▶ **WHAT TO PRODUCE**
When you write out the listing, keep each word exactly as it stands but include none of its images.

Top of GIVEN INFORMATION

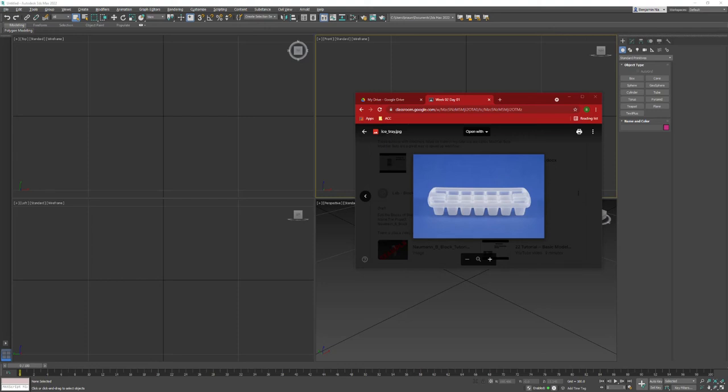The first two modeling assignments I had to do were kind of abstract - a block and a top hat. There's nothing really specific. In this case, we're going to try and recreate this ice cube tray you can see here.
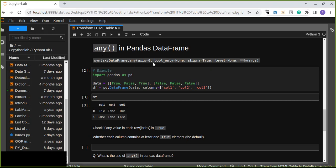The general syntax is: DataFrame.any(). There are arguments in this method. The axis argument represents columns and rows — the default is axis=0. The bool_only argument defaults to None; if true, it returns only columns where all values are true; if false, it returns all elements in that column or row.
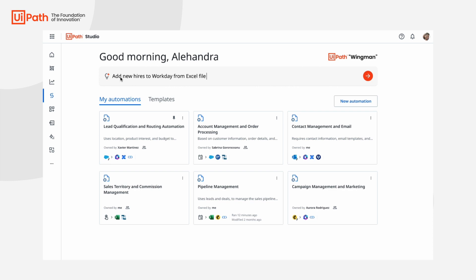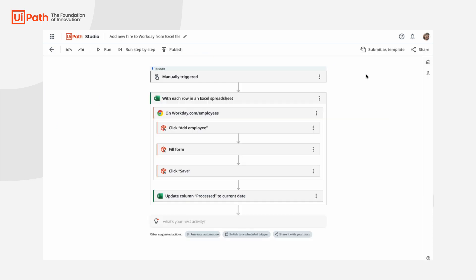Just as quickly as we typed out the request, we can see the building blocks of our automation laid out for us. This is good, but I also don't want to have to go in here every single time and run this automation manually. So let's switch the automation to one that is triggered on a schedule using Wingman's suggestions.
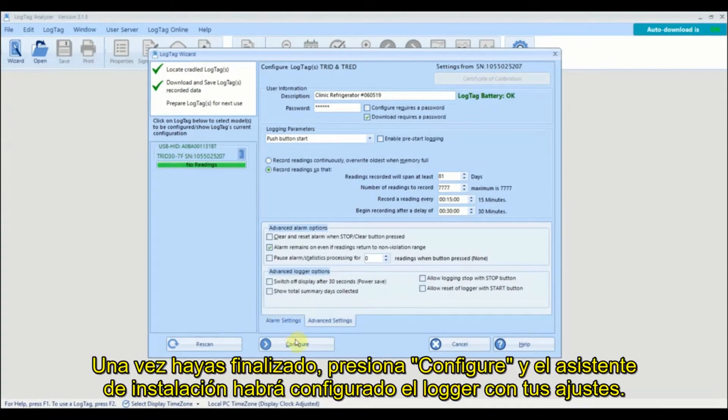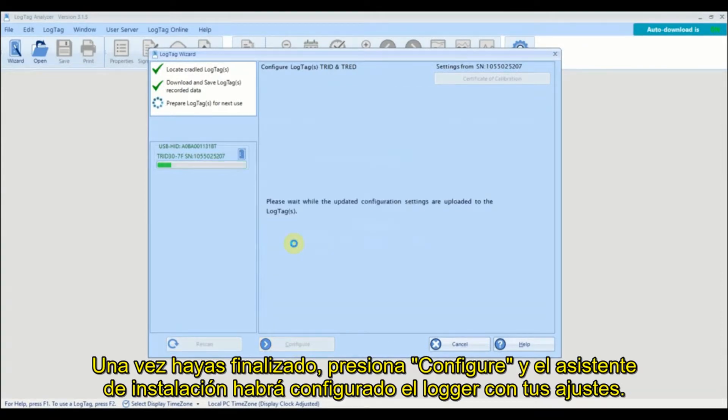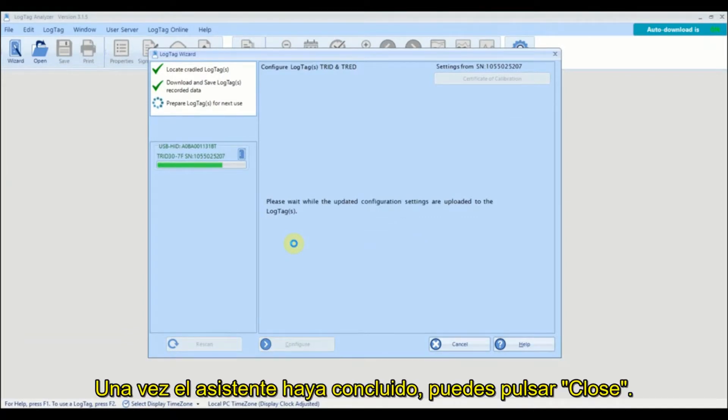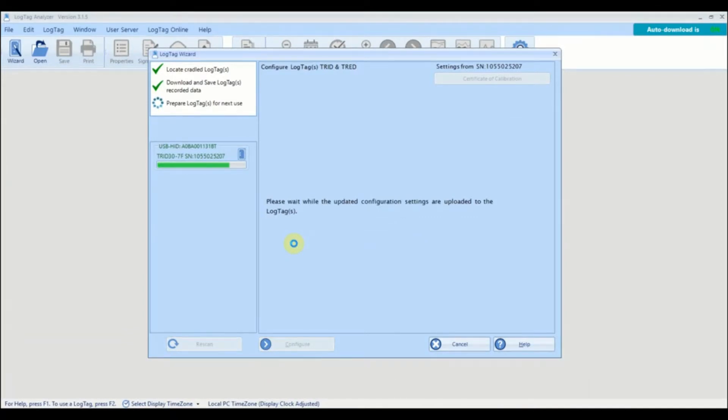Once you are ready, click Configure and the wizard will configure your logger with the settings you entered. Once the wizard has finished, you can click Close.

Bottom of GIVEN INFORMATION

▶ **ANSWER BELOW**
The first two modeling assignments I had to do were kind of abstract - a block and a top hat. There's nothing really specific. In this case, we're going to try and recreate this ice cube tray you can see here.
The general syntax is: DataFrame.any(). There are arguments in this method. The axis argument represents columns and rows — the default is axis=0. The bool_only argument defaults to None; if true, it returns only columns where all values are true; if false, it returns all elements in that column or row.
Just as quickly as we typed out the request, we can see the building blocks of our automation laid out for us. This is good, but I also don't want to have to go in here every single time and run this automation manually. So let's switch the automation to one that is triggered on a schedule using Wingman's suggestions.
Once you are ready, click Configure and the wizard will configure your logger with the settings you entered. Once the wizard has finished, you can click Close.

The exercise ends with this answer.